• **Provided data**:
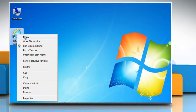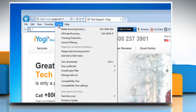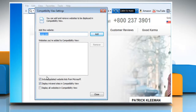Open Internet Explorer, click Tools on the menu bar, and then click Compatibility View Settings. Clear the checkbox for 'Include updated websites list from Microsoft' and then click Close.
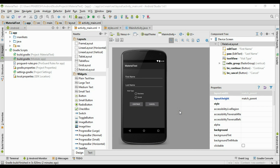Hello guys, welcome back to another Android Material Design tutorial. In this video we are going to learn about how to configure an Android application that uses a material theme to be compatible with Android versions lower than 5.0.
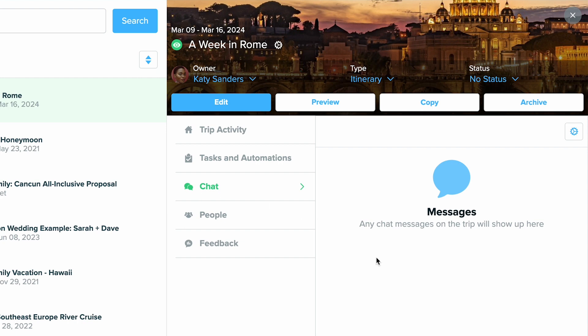You can also view the chat. If you're chatting with your client, you'll be able to quickly view the chat here and you can also reply or send a message to them.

• **How to complete this task**: Your task is to repeat the material above exactly, without its pictures.

• **Response to this exercise**:
Open Internet Explorer, click Tools on the menu bar, and then click Compatibility View Settings. Clear the checkbox for 'Include updated websites list from Microsoft' and then click Close.
Hello guys, welcome back to another Android Material Design tutorial. In this video we are going to learn about how to configure an Android application that uses a material theme to be compatible with Android versions lower than 5.0.
You can also view the chat. If you're chatting with your client, you'll be able to quickly view the chat here and you can also reply or send a message to them.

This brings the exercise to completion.